$100 Trillion Climate Change or $20 to 50 Billion Climate Control

There are many dire warnings that Climate Change will melt the ice caps, cause a rise of 4 to 6 feet or more in sea level and cause more severe weather (like the $42 billion in damage from Hurricane Sandy) over the next 60-200 years.

I am reminded of scene from the first Austin Powers movie. People are screaming stop but actually taking control of the climate is not that costly. It also seems relatively easy to take control of the climate. One important thing to remember is that all of the concern about climate change is from natural or side-effect release of emissions from human activity (coal plants, cars, industry). So humans are probably contributing to climate change so why not allow humans to control climate entirely. Why is only OK to allow carbon and soot emitters to keep doing that for hundreds of years but not OK to actually counter act or remove those emissions at low cost ? The only “acceptable” solution is to stop the emitters or shift from the emitters over the course of many decades at costs of over $100 billion per year. A $10 trillion “solution” over 100 years or allow the possible damage to occur at a cost of $100 trillion.

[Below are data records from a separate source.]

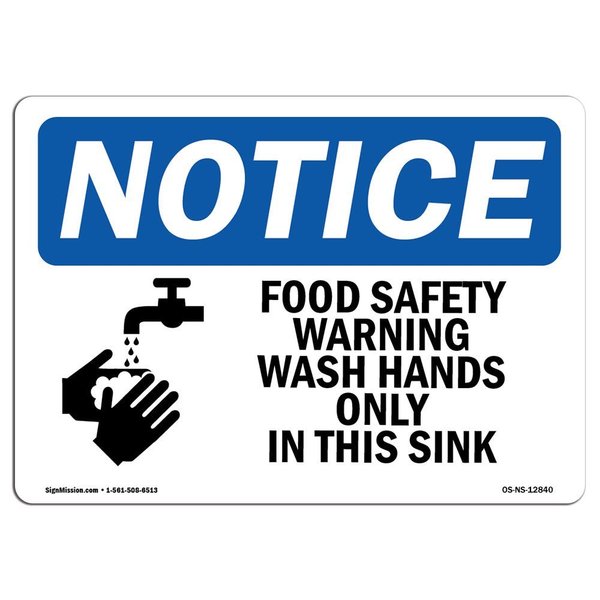 Signmission OSHA Notice Sign, 12" Height, Aluminum, Food Safety Warning Wash Hands Sign With Symbol, Landscape OS-NS-A-1218-L-12840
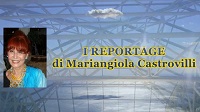 I Reportage di Mariangiola Castrovilli MC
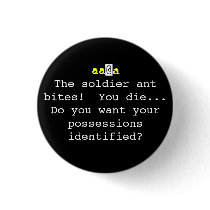 Nethack: The soldier ant bites!  You Die... Pinback Buttons
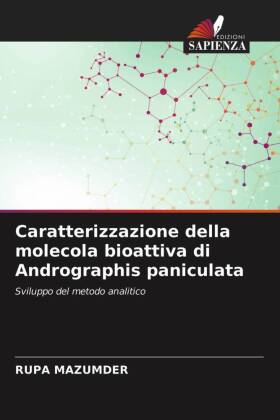 Caratterizzazione della molecola bioattiva di Andrographis paniculata 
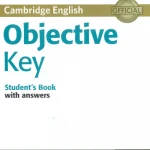 Cambridge english objective key student's book và workbook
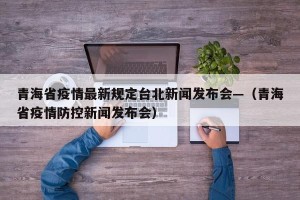 青海省疫情最新规定台北新闻发布会—（青海省疫情防控新闻发布会）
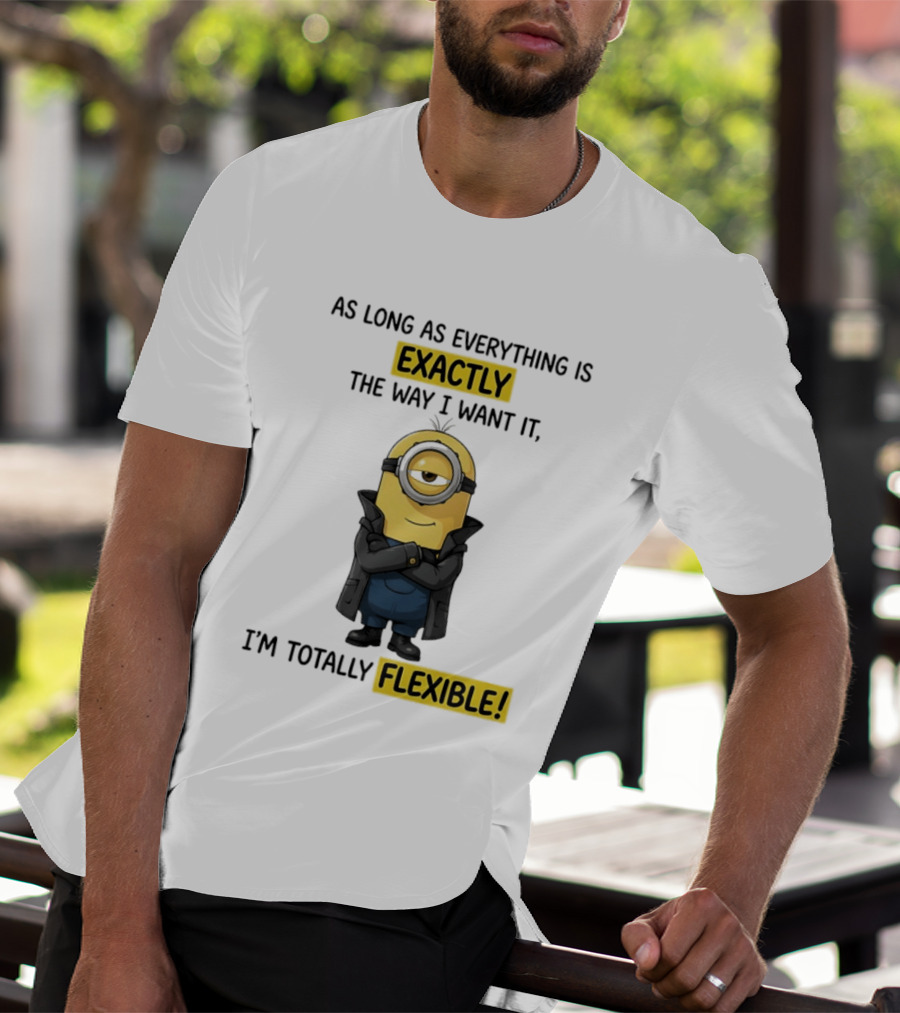 Minion Exactly The Way I Want It I'm Totally Flexible T-Shirt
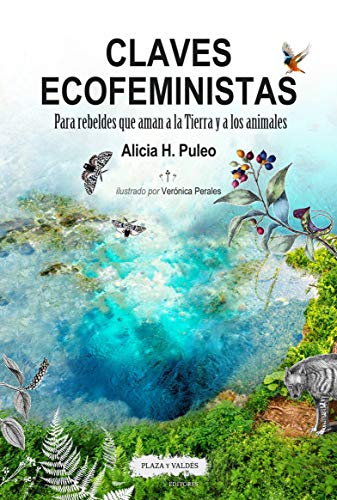 9788417121211: CLAVES ECOFEMINISTAS: Para rebeldes que aman a la Tierra y a los animales (CULTURA DE INTELIGENCIA)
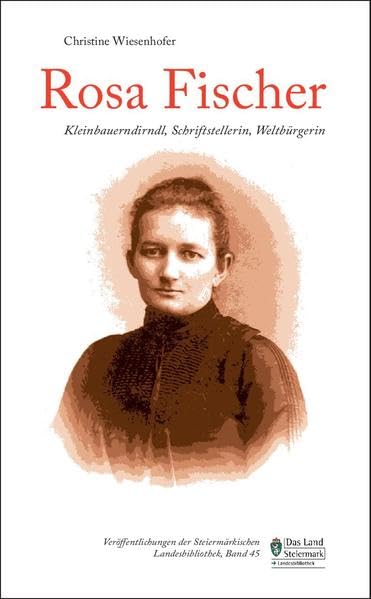 Rosa Fischer: Kleinbauerndirndl, Schriftstellerin, Weltbürgerin (Veröffentlichungen der Steiermärkischen Landesbibliothek) Books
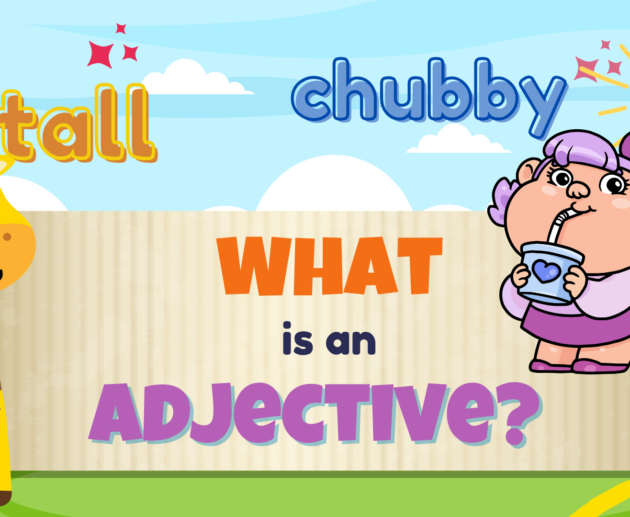 Learn Adjectives for Nursery 2 Heroes.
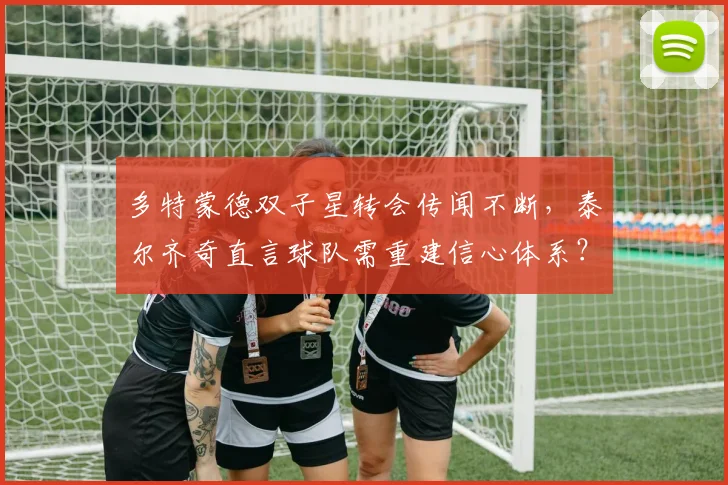 多特蒙德双子星转会传闻不断，泰尔齐奇直言球队需重建信心体系？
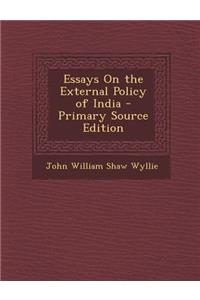 Essays on the External Policy of India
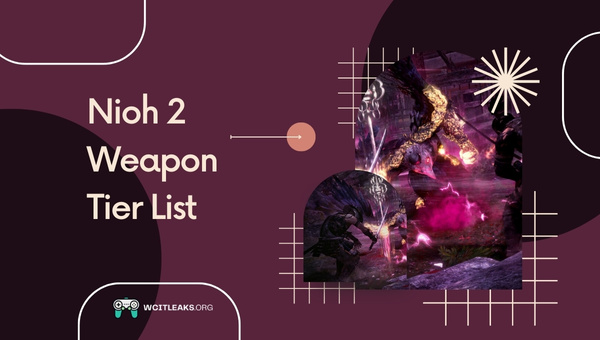 Nioh 2 Weapon Tier List (2023)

Scene from Austin Powers where a security guard henchmen screams stop several times, instead of getting out of the way

Caveats – there is still a lot of uncertainty about climate change. So a more cotrecy picture could be Lawrence of Arabia looking out into the desert. He could be looking at a mirage or it could be a real threat. It is so far away and the picturr is do hazy that it us tough to get a good read on it. However Austin Powers is funnier than Lawrence of Arabia. Also there are likely better ways to control climate and weather. J Storrs Hall described a system for using tiny heliostats that could easily be done with early moleculsr nanotech. There are also proposals for artificial trees to control ehat us on the atmosphere. The point is that cheap climate control would take any reallt bad case climate scenario off the table.

UPDATE – University of Southampton – Uncertainty about how much the climate is changing is not a reason to delay preparing for the harmful impacts of climate change says Professor Robert Nicholls of the University of Southampton and colleagues at the Tyndall Centre for Climate Change Research, writing today in Nature Climate Change. Professor Nicholls and his co-authors describe two ways of assessing how much adaptation to climate change is enough by balancing the risk of climate change against the cost of adaptation. First they describe cost-benefit analysis where the cost of the adaptation has to be less than the benefit of risk reduction. Alternatively, decision makers can seek the most cost-effective way of maintaining a tolerable level of risk.

We have recently reviewed two main low cost geoengineering proposals, which have had significant field tests or almost had a field test and the tests would cost less than $3 million.

1. Get a blimp or helium balloon and lift basically a lightweight but very long firehose up 20,000 meters and pump 2 million tons to 5 million tons of sulfur into the stratosphere each year. Cost $480 million to $1.2 billion to start and then $200 million to $500 million each year to operate. The 200,000 ton per year system would just protect the ice cap and northern regions. To operate for 100 years it would cost $20.5 to 51 billion.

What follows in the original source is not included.